It’s World Hunger Day this Saturday – a day which immediately brings to mind the issues affecting the global south and the campaigns set up to address them. However, while world hunger must be alleviated by concerted effort from worldwide grassroots movements working in solidarity to end unjust food distribution, there are some things we can do now to address hunger in our own backyard. Currently 1/5 people live below the poverty line in Britain, while some have literally starved to death after having their benefits cut. 

Women, black and ethnic minority groups are particularly vulnerable to government budget cuts. The Vegan Society’s recent Ipsos MORI survey suggested that a large proportion of British vegans are in the lowest income bracket; that there are twice as many vegan women as men; and that nearly a third of vegans are non-white, compared to 13% of the population of Britain. This is an issue that the media doesn’t address: many vegans are struggling to get by financially, which is made harder when you can’t make a pit stop at the only fast food outlet open in your area for a 99p burger after back to back night shifts.

The definition of veganism includes avoiding the exploitation of animals as far as is possible and practical, and for some it may not be possible or practical to always eat vegan food. Accepting non-vegan products or dumpster diving is often the only way to get by. You can imagine that this may cause distress for vegans in difficult situations, as it would have done for the middle aged man I met at a vegan festival who was currently homeless. He was adamant to stick to a vegan diet, and we all sent him off with bags full of vegan goodies that day. However, Ten Acre crisps and Goody Good Stuff sweets are not what we should be living off, tasty as they may be. When you’re poor, you may not be as able to take care of yourself as well as you may want to, whether you’re vegan or not.

Being vegan though, you do have to watch your Vitamin B12 intake, and you may not have good access to fortified foods. Remember, there is the possibility of receiving free B12 shots from the NHS. Other than this, we’re fortunate in the fact that the cheapest and most nutritious foods are plant-based, hence why many of the poorest people around the world eat vegan. Check out our tips on how to do so, as well as these other resources.

How to help 

If you’re not struggling financially, there are many ways you can help.
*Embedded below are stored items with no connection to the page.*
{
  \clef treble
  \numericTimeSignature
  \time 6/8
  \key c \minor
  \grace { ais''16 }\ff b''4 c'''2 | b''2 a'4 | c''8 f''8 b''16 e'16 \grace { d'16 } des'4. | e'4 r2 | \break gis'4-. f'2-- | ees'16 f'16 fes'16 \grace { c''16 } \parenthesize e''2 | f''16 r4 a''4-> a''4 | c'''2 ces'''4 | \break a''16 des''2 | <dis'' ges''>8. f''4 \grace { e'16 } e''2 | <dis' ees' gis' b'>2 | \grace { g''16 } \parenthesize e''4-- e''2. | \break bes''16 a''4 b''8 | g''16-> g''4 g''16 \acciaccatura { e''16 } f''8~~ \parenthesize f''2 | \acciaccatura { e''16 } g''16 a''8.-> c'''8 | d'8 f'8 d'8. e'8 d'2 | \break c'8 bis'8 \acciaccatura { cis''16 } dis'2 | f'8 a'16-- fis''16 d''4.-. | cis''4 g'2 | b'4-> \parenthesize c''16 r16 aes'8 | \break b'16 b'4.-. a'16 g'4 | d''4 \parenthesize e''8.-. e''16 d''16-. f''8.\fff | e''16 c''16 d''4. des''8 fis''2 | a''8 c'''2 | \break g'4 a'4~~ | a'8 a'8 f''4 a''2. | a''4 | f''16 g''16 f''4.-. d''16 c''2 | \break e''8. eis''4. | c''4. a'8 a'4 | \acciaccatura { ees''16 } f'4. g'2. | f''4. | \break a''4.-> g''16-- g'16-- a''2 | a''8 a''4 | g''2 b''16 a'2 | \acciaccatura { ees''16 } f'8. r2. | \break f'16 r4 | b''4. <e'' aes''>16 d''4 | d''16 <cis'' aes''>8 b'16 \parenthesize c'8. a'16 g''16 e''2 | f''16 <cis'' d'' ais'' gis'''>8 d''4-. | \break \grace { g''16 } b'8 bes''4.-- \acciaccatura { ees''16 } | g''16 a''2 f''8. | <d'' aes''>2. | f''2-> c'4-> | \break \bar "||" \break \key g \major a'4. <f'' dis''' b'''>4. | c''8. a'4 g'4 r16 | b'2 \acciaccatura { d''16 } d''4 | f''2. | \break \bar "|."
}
Food banks are an important resource for people in need, though there is a dearth of specifically vegan products such as B12 fortified soy milk, fortified nutritional yeast, fortified cereal, etc. As well as supplying your local food bank with these items, look at bringing in filling vegetable soups, curries and chilis in cans. Take in nuts and dried figs for calcium and selenium, rapeseed oil, walnuts and ground flaxseed for omega-3 and seaweed for iodine

If you know that there are many vegans struggling in your area it may be worth setting up a vegan food bank yourself, in order to target those who need these particular foods the most. Another way would be to set up a non-profit food co-op so you can bulk order from places such as Suma, then sell these to vegans at the reduced prices. 

Other ways include getting involved in your local Food Not Bombs group or equivalent. Food Not Bombs tend to cook vegetarian and vegan food already, and give it out to the local homeless. There is likely to be one in your area, or you could start your own.
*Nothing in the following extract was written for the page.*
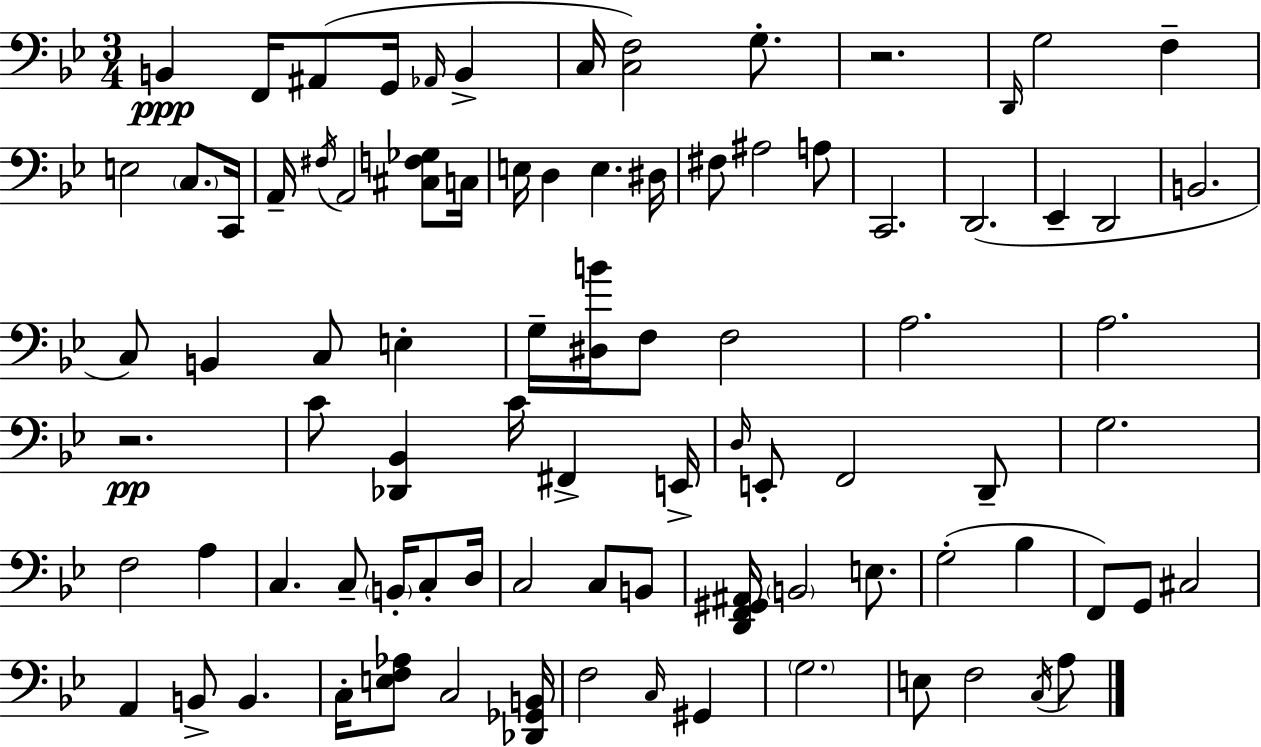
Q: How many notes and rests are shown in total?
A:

Remember to give to your local shelter too. Practical clothes and underwear are often needed, while pads (cloth and otherwise), tampons and menstrual cups would be a good shout.

Vegan on a budget: tips and testimonies

If you’re grappling with money issues and not sure how you can afford to be vegan, then we’ve got some good news: it’s easier than you may think. Check out how other people have managed below.

Natalie’s story

“When I was on Jobseeker’s Allowance I was left with only £6 a week to spend on food,” says Natalie from Brighton. “The only way I was possibly able to afford this was to eat vegan food. It was impossible to afford cheese, milk or eggs, but I could make large batches of meals within my budget by concentrating on filling grains and pulses, and cheap vegetables and beans. Now I can feed 25 people a complete meal for £6.”

Natalie found it easier to live vegan than vegetarian because spreads like Vitalite are cheaper and longer lasting than butter, while cheese and eggs remain expensive. “It wasn’t a conscious decision to go vegan initially, but after 6 months of realising I’d done it without noticing, I decided to carry on.”

Feed 25 people for £6: recipe

1kg brown onions – 59p (sliced)

500g dried chickpeas - £1

2.5kg potatoes - £2 (cubed)

Tube of tomato puree – 35p

Bulb of garlic – 30p (minced)

Curry powder - £1

2kg rice - £2

Method

Soak chickpeas overnight.

Fry onions, add garlic and curry powder (to taste) when softened.

Add potatoes and chickpeas, a pinch of salt and enough boiling water to cover.

Add tomato puree and simmer until reduced.

Serve with rice.

Natalie’s additional tips

This recipe is really easily scaled up or down and, obviously, the more you make the cheaper it gets. It can also be adapted according to your budget and what you already have in (feel free to use tinned or fresh tomatoes, chillies, the spices you have knocking about at the back of the cupboard, other veg or dried pulses, etc.). The prices given are, although approximate, all available in UK supermarkets without having to rely on special deals. You may find special deals which reduce the price, or conversely, your local supermarket may be more expensive. Again, regarding economies of scale, you can likely reduce the price of most of the ingredients by buying in bulk if you have the money for the initial outlay (i.e. a 2kg bag of dried chickpeas will be cheaper than four 500g bags – although the outlay can be difficult). If you have an Asian supermarket near you, it’s worth going there for the spices and chickpeas, and when buying tinned tomatoes, pulses, beans and rice, they’re almost always cheaper in the ‘World Food’ aisle of the supermarket than the tinned goods aisle.

Sarah’s story

While living in London Sarah was forced to cope with rising rent prices and stagnant wages. Luckily she lived in Brixton, where very cheap fresh fruit and veg markets abounded – they even give some away at the end of the day. “I got to know the stall holders by shopping there. I just bought what veggies I needed each day and added them together with a can of beans and some flavourings as a tasty stew to have with rice.”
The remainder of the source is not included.